"U-571" is an undoubtedly exciting movie. Classic submarine action sequences and for the ladies, Matthew McConaughey with a crewcut. But as fun as the film is, it's still built on one fundamental conceit. It tells the story of a crew of American mariners who steal the Enigma encryption machine in 1942 from the Germans.
In reality, the pilfering of the Enigma device was a turning point in the war. Only it didn't happen in 1942 - it was done a year earlier and by a British crew. This doctoring of the truth, albeit for what writer/director Jonathan Mostow calls a fictional movie, has angered many veterans and served to exacerbate the feeling that Americans are far too ready to change history to make them look better.

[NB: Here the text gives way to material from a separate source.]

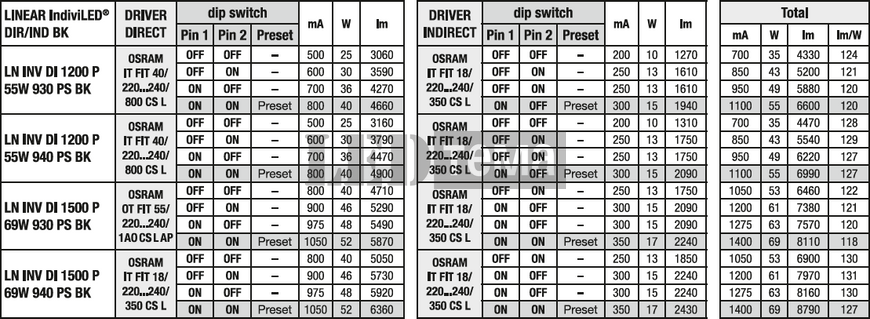LN INV DI 1200 P 940 PS BK 35-43-49-55W 4000К Офісний світильник перем. потуж. IP20 LEDVANCE (4099854296901) 4099854296901 фото
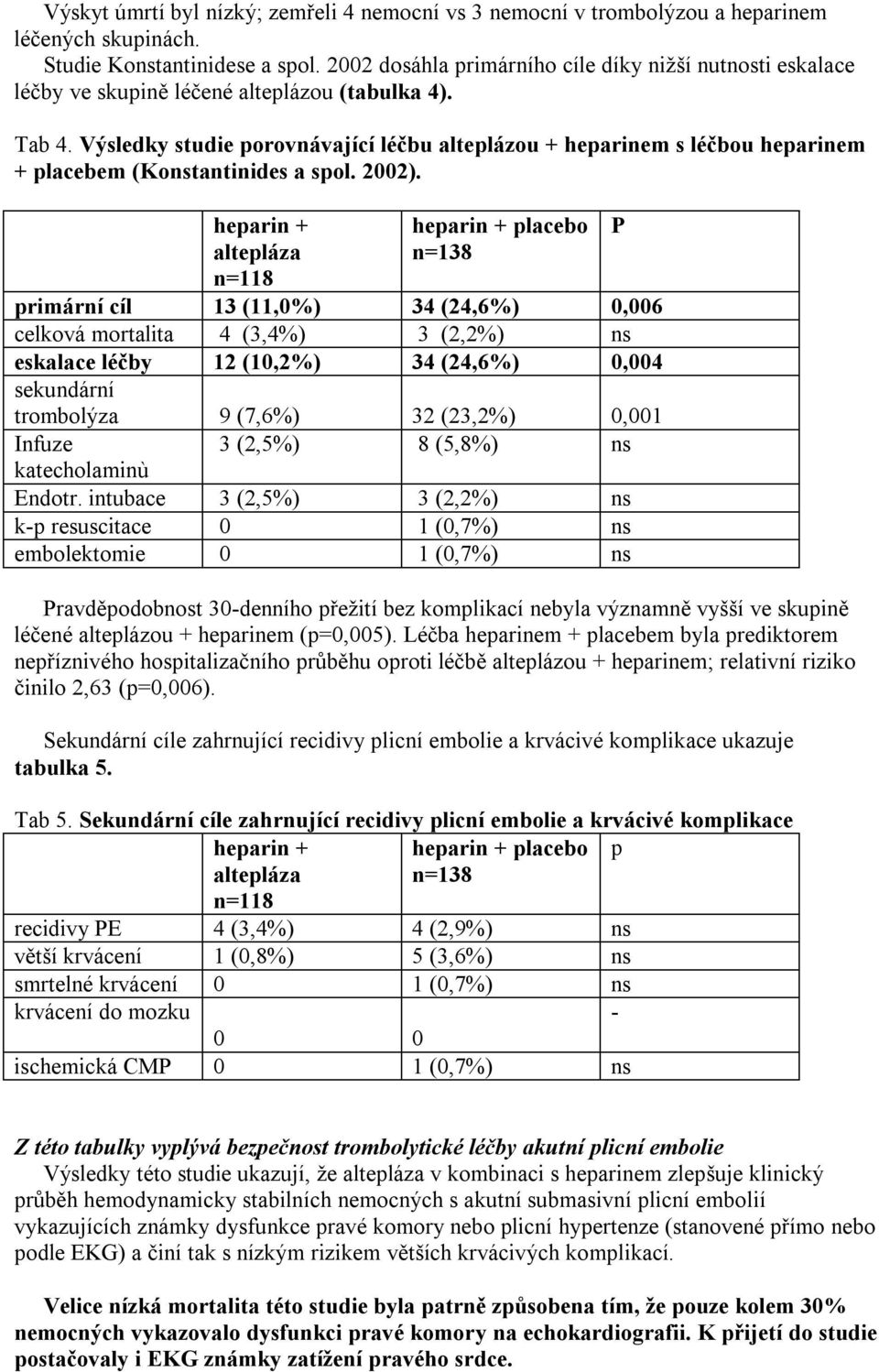 Výsledky studie porovnávající léčbu alteplázou + heparinem s léčbou heparinem + placebem (Konstantinides a spol. 2002).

But should the blame be dumped at Mostow's door? In truth the film maker did try to make sure the film was as accurate as possible in every other way. He even enlisted the services of Lt. Commander David Balme, the English seaman who was actually the first into the offending Nazi sub. "I think Jonathan is now one of the world's experts on the Enigma," says Balme. "He has done a marvellous job. His goal was to make a compelling film and he succeeded. It's a magnificent film."
Mostow also recruited David Kahn, the world's leading authority on Enigma encryption, to ensure the script was correct. "I reviewed the screenplay with David in tremendous detail," says Mostow, "and asked him to make sure that within the context of a fictional narrative, all the details were as authentic as possible."
So he did his best. And there is a tribute to the real heroes in the end credits. And he did ask the experts. But is this enough? Or is this just another example of America taking all the credit? Mostow is convinced that US audiences were fully aware that it was a fictional film. But then we've all seen Jerry Springer. We know they do not necessarily have all the torpedoes in the tube.